Too cool for porn: Joaquin as Max California in "8MM."

5. Max California, “8MM” — Joaquin has a way of stealing movies that don’t belong to him. Witness his funny and inexplicably moving turn as Max California, a smartass porn shop worker who provides Nicholas Cage a way into the underground abyss of snuff films. He’s easily the best thing about this otherwise dour, grim film, and his performance leaves you shaken.

6. Lewis McBride, “Return to Paradise” — It’s been said there are no small parts, just small actors. Joaquin drives that one home, and hard, as Lewis McBride, who wastes away in a Malaysian prison while the two strangers he shared hashish with go home unscathed. Watching him unravel bit by bit is painful, but Joaquin makes Lewis’ tragedy so compelling (re: not melodramatic) that you can’t look away.

7. Merrill Hess, “Signs” — “Signs” runs a close second to “Sixth Sense” as my favorite M. Night Shyamalan film, and Joaquin’s Merrill Hess is a big reason why. Who but J.P. could take a popular high school jock who can’t quit reliving his glory days and make him broken-down, reflective and comically self-aware? This is a classic Joaquin move — give him what could be a flat part, and he’ll do beautiful things with it.

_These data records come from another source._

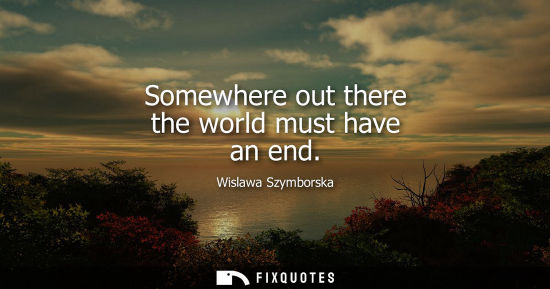 Small: Somewhere out there the world must have an end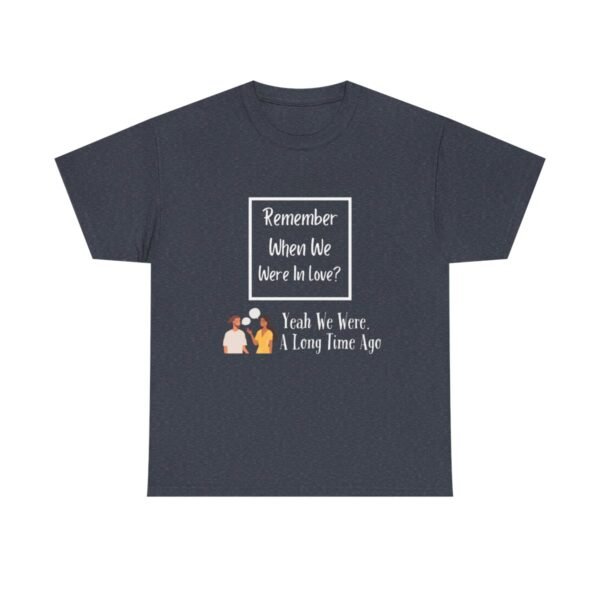 Remember  When We Were In Love T-shirt - Image 110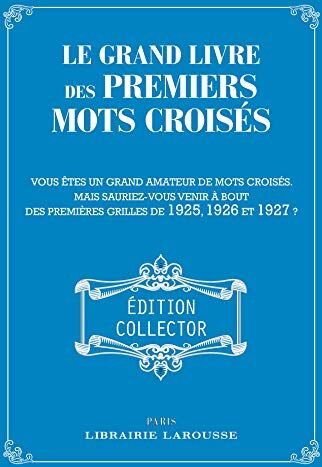 Le Grand Livre Des Premiers Mots Croisés - Collector (Cahiers Pierre Larousse)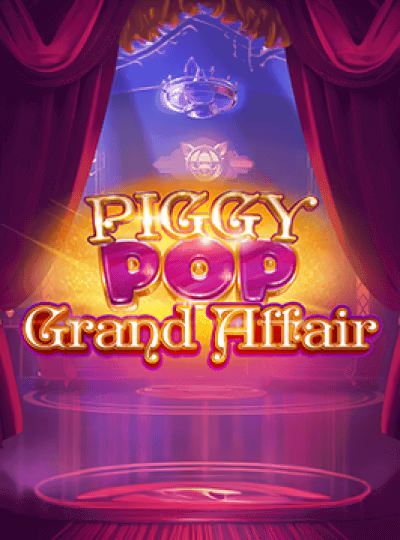 Piggypop Grand Affair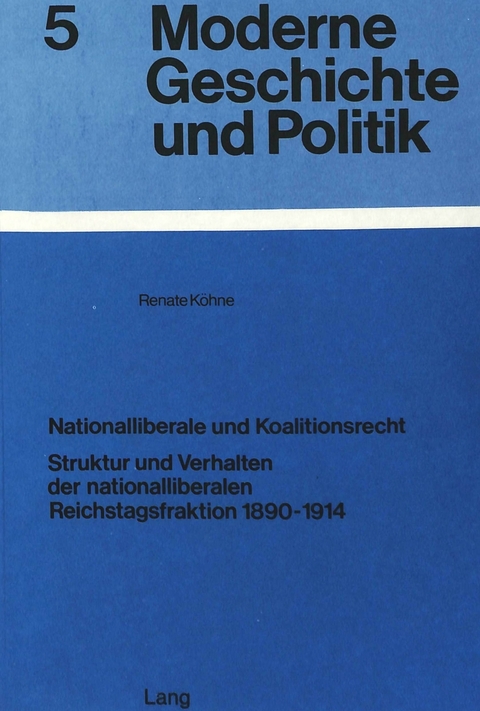 Nationalliberale und Koalitionsrecht - Renate Köhne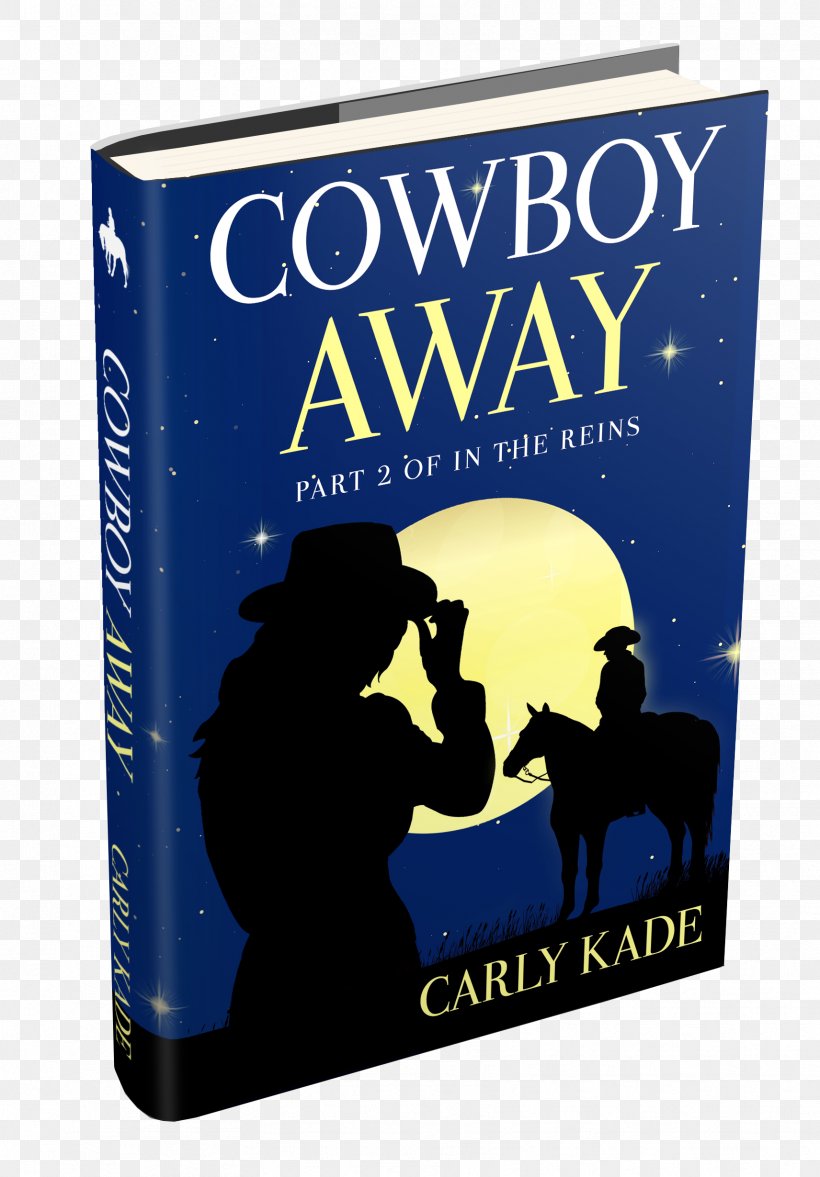 In The Reins Book The Cowboy And The Cougar Cowboy Away Horse, PNG, 1712x2459px, Book, Author, Book Series, Brand, Cowboy Download Free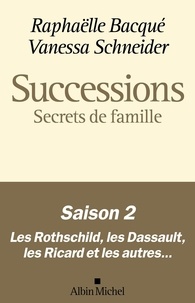 Raphaëlle Bacqué et Vanessa Schneider - Successions - Secrets de famille.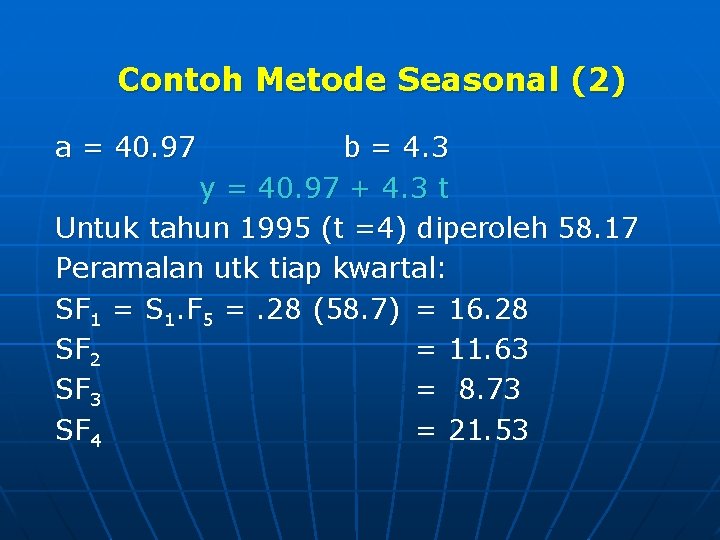 Contoh Metode Seasonal (2) a = 40. 97 b = 4. 3 y =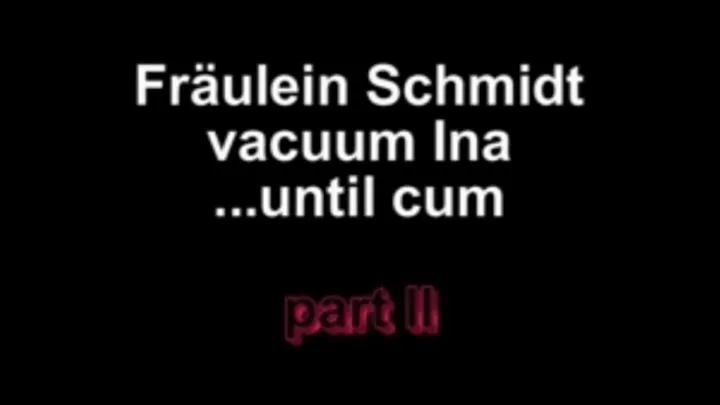 Fräulein Schmidt vacuum Ina ....until cum Part II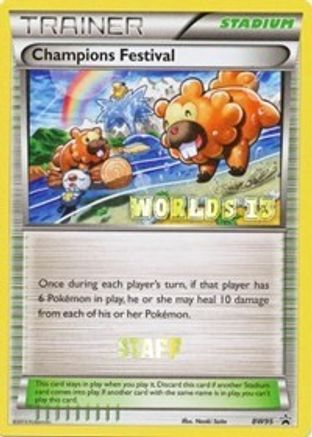 Champions Festival - BW95 (Worlds 13) [Staff] Promo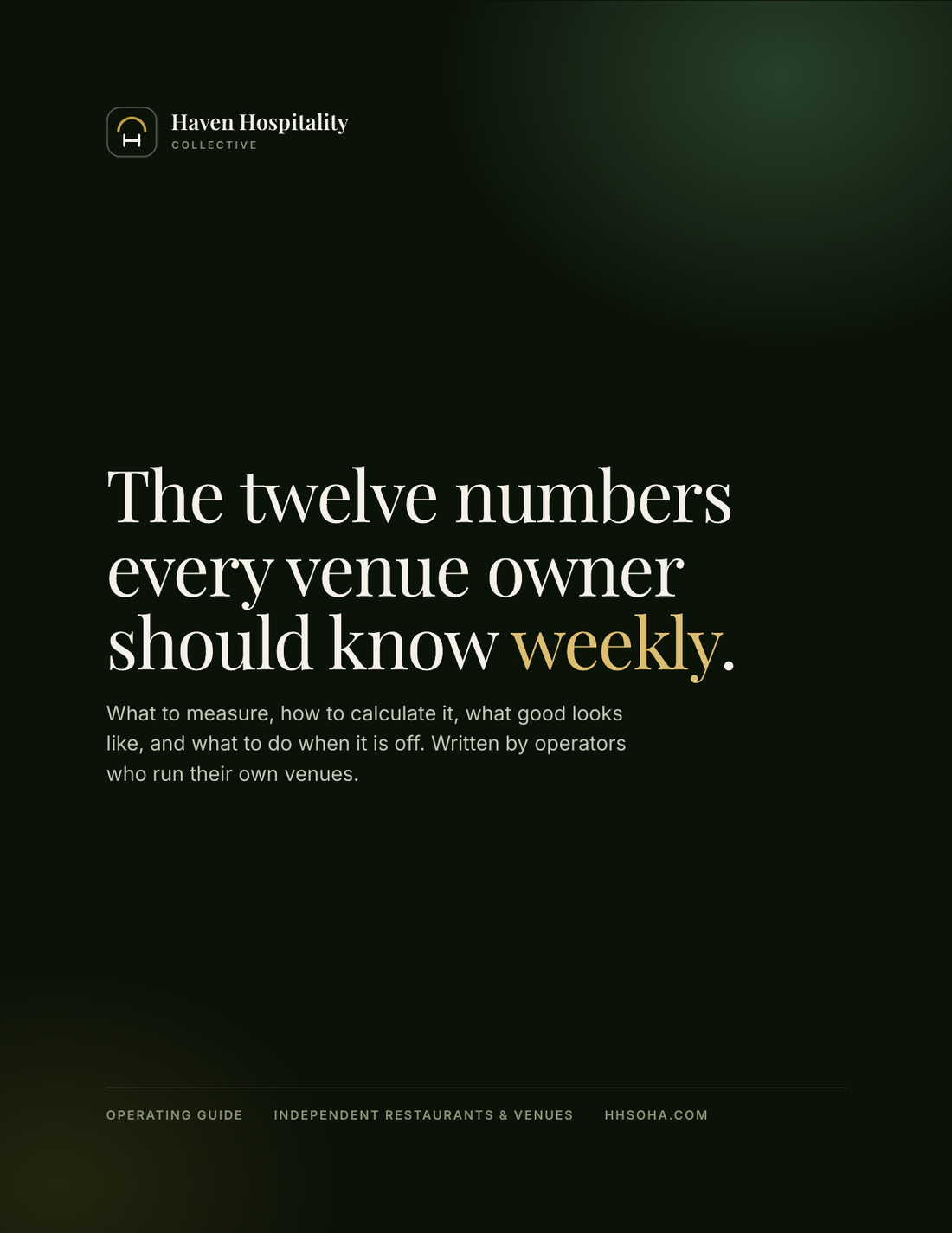 Cover of the Haven Hospitality Collective operating guide, The twelve numbers every venue owner should know weekly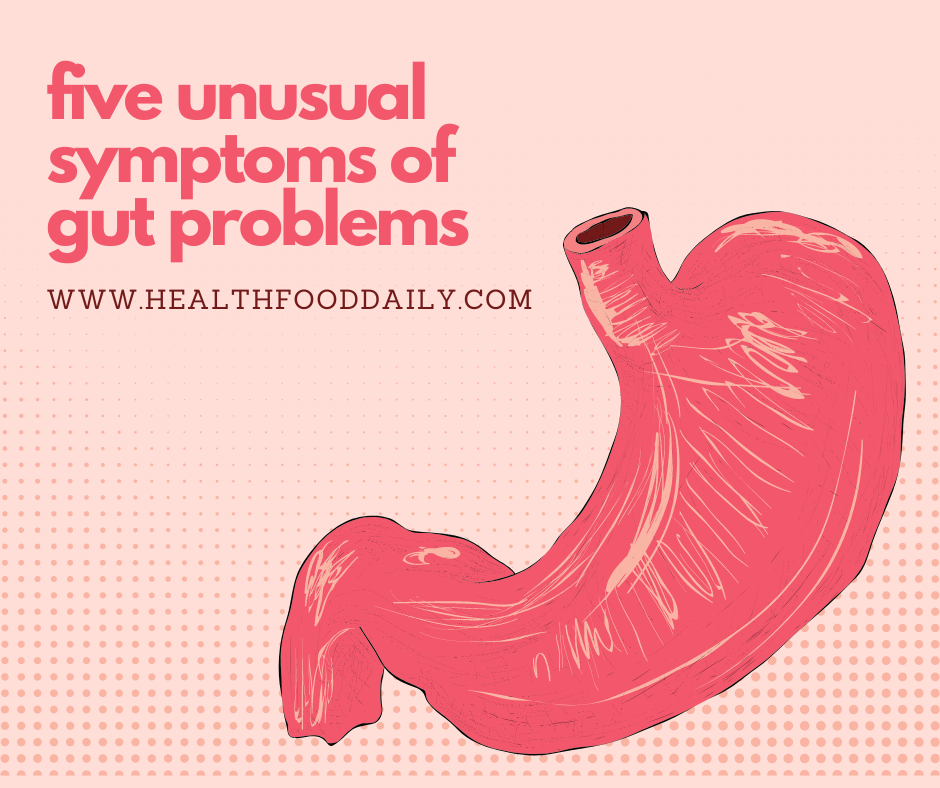 These symptoms of gut problems will shock you!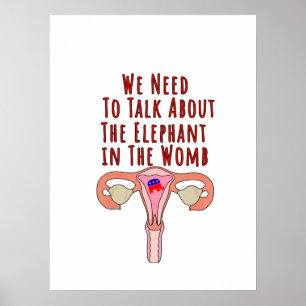 We Need to Talk About The Elephant In The Womb Poster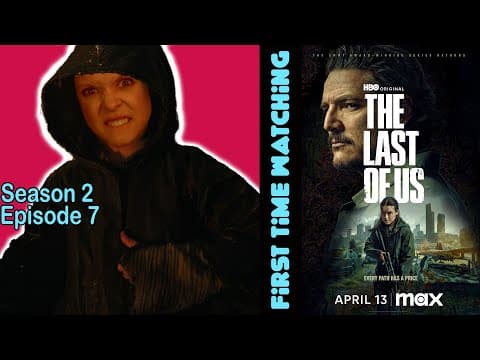 The Last Of Us S2E7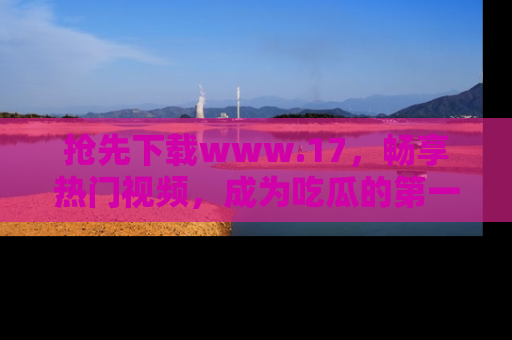 抢先下载www.17，畅享热门视频，成为吃瓜的第一手信息者！
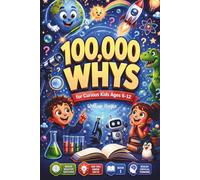 100,000 Whys for Curious Kids: 60 Big Questions and Amazing Answers That Boost Curiosity Knowledge and Smart Thinking - Science Nature Space Animals ... to 12 - Book 1 (The Curious Kids Collection)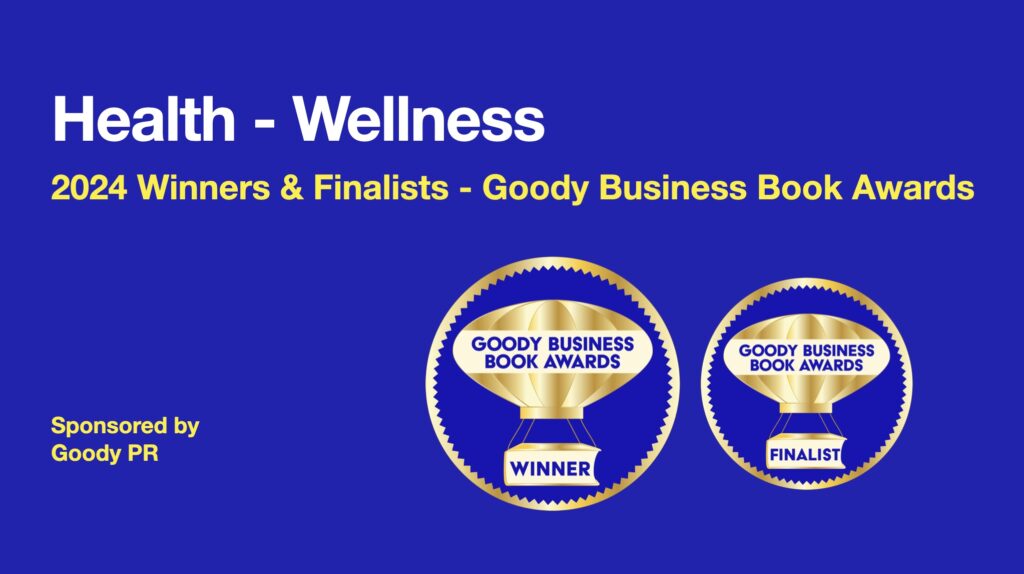 banner with blue background and winner / finalist badge for 2024 Goody business book awards. Category Health - Wellness.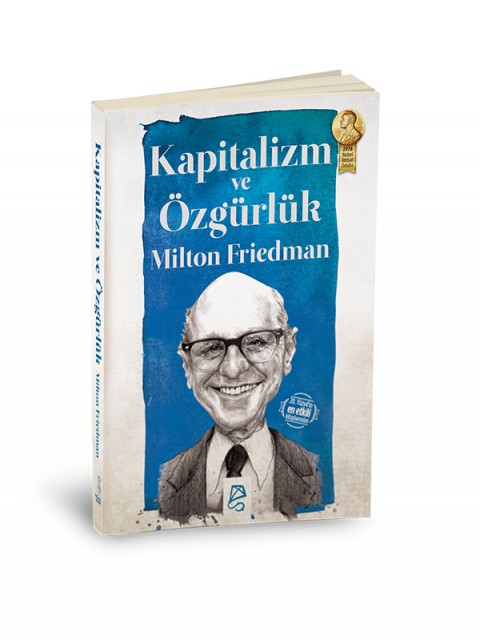 Kapitalizm ve Özgürlük Kapitalizm ve Özgürlük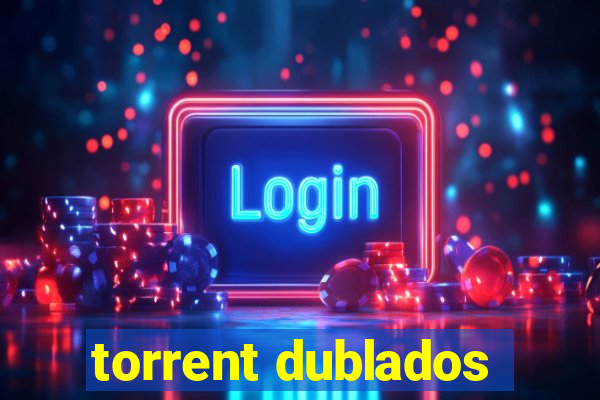 torrent dublados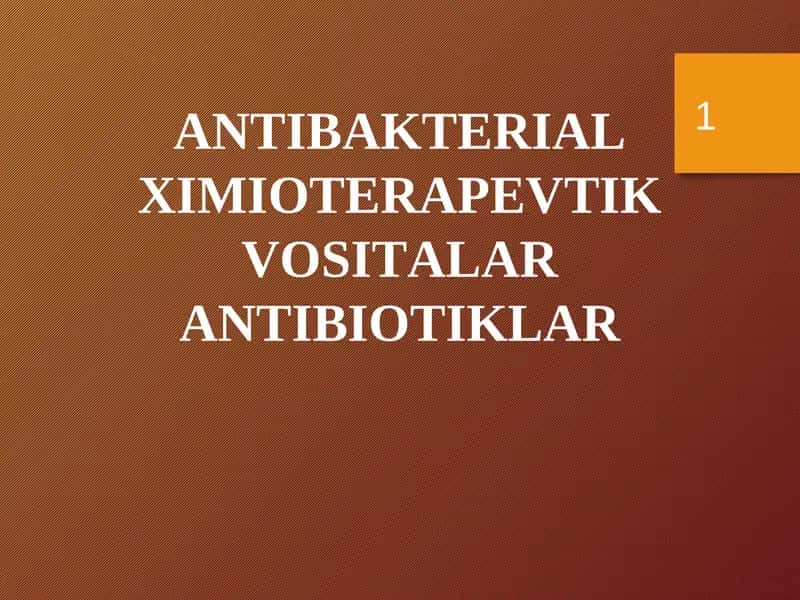 Antibakterial Kimyoterapevtik vositalar 1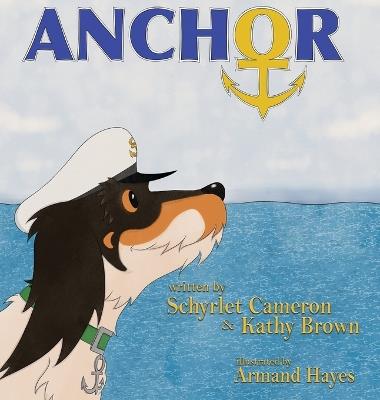 Anchor - Schyrlet Cameron,Kathy Brown - cover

Joaquin as devastated father Ethan Learner in "Reservation Road."

Joaquin as Ethan Learner in "Reservation Road."

8. Ethan Learner, “Reservation Road” — Bachelors rarely pull off the concerned parent routine in movies. (Just ask John Cusack about “Martian Child.”) But Joaquin is nothing in a movie if not nakedly emotional, so his Ethan Learner, whose son is killed in a hit-and-run, is the kind of walking wound you can’t ignore. This is Joaquin at his most wounded, and his performance will haunt you for days.

9. Jimmy Emmett, “To Die For” — People have remarked that all Joaquin really does in this marvelously black comedy is play a dumb high school kid. That’s accurate — to a point. He takes it a little farther than that, making Jimmy, who falls for a blonde TV personality and agrees to off her husband, endearingly clueless and menacing in equal measure. It’s a small part, but it has sticking power.

10. Clay Bidwell, “Clay Pigeons” — To be honest, “Clay Pigeons” belongs to Vince Vaughn, who plays funny-creepy-serial killer a teensy bit too well. But Joaquin registers impressively as the ineffectual but well-meaning Clay, a doofy Everyman who gets swept up into the bizarro web of a murderer (Vaughn) and can’t wriggle his way out. That he doesn’t disappear by the scenery Vaughn chews up is a testament to Joaquin’s talent.

(Note: If ole’ Joaq had it in his head to give people just enough roles to make a top 10 list, then he succeeded. Because truth be told, by the end there I’d gotten to the algae and gunk and crystallized remains left at the bottom of a dry well.)